Document - Egypt: Constitution proposals faltering first step to reform

Amnesty International is calling on the Egyptian authorities to respect the court decision to release Hani Nazeer, who has been held for over 14 months, despite several court orders for his release



AI index: MDE 12/023/2011

28 February 2011

Egypt: Constitution proposals faltering first step to reform

Amnesty International today welcomed proposals to repeal emergency-style powers in the Egyptian constitution, but cautioned that the Egyptian authorities must take immediate action to lift the state of emergency, and to ensure that women are part of any process of political and human rights reform.

Amnesty International welcomes any initiative aimed at greater participation in Egypt’s future, and the fact that some of the articles of greatest concern are being revised or repealed. However, the organization is now calling for real human rights leadership from the Supreme Military Council, to ensure that fundamental human rights, including non-discrimination, are enshrined in the Constitution.

On 26 February 2011 an eight-member committee of legal experts, appointed by the Supreme Military Council to propose constitutional reform, called for eight articles of the Egyptian Constitution to be amended.

Amnesty International welcomes the proposal to repeal Article 179 of the Egyptian Constitution.
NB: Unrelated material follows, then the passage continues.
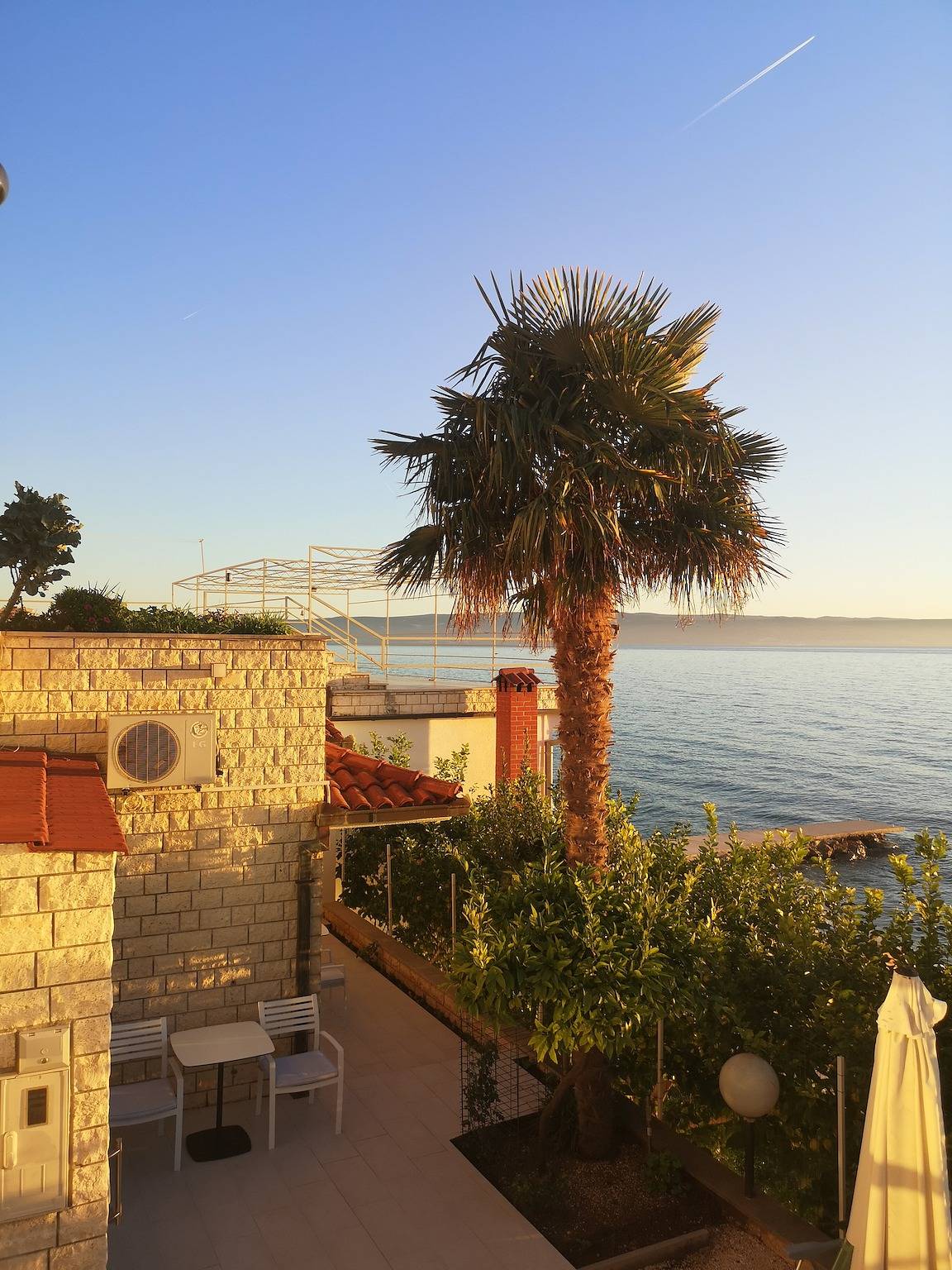Ganze Wohnung, 1-Zimmer-Ferienwohnung am Strand Podstrana, Split A-6113-d in Podstrana, Split-Dalmatien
Adopted in March 2007, the article effective wrote emergency-style powers into the Constitution, overriding constitutional guarantees against arbitrary arrest and detention; police searches without a warrant; and bugging of telephone calls and other private communications (set out in articles 41(1), 44 and 45(2) of the Constitution).

The article in its current state also permits the President to bypass the ordinary courts and refer terrorism suspects – including civilians – to a judicial authority of his choice, including military and emergency courts which have no right of appeal and a long history of conducting unfair trials.

The March 2007 referendum adopting Article 179 was boycotted by the political opposition and widely criticized by independent national monitors. At the time, Amnesty International denounced the adoption of the article as the greatest erosion of human rights in 26 years.

Amnesty International has repeated its call to the Egyptian authorities to immediately lift the 30-year-old state of emergency. The proposed constitutional amendments do not go far enough to ensure that the abuses under the current state of emergency do not continue. In particular, proposals to amend Article 148 of the Constitution, to make states of emergency longer than six months subject to a public referendum, would be inconsistent with international law.

Under the International Covenant on Civil and Political Rights (ICCPR), to which Egypt is a state party, any measures which suspend rights during a state of emergency must be of an exceptional and temporary nature – rather than be subject to routine ratification by a public referendum.

Amnesty International is further calling for the Egyptian authorities to ensure that women are represented in any process directed at political and human rights reform. The organization is concerned that no women jurists were chosen to be members of the committee to study constitution reform, and is calling for the Egyptian authorities to rectify this setback. Amnesty International is further concerned at a widely-reported statement by a representative of the Muslim Brotherhood, former MP Mohsen Radi, that women and members of Egypt’s Coptic Christian minority should not be eligible for the presidency. The Muslim Brotherhood, one of Egypt’s largest organized political opposition movements, is represented on the committee.


The amendments, proposed on 26 February 2011, are seen as paving the way for a new constitution, to be drafted by a commission of the Egyptian Parliament following parliamentary elections in the coming months. The amendments are expected to be put to a national referendum.

Other proposed amendments to the Constitution included reinstating direct judicial supervision of elections and limiting the Egyptian president’s terms of office.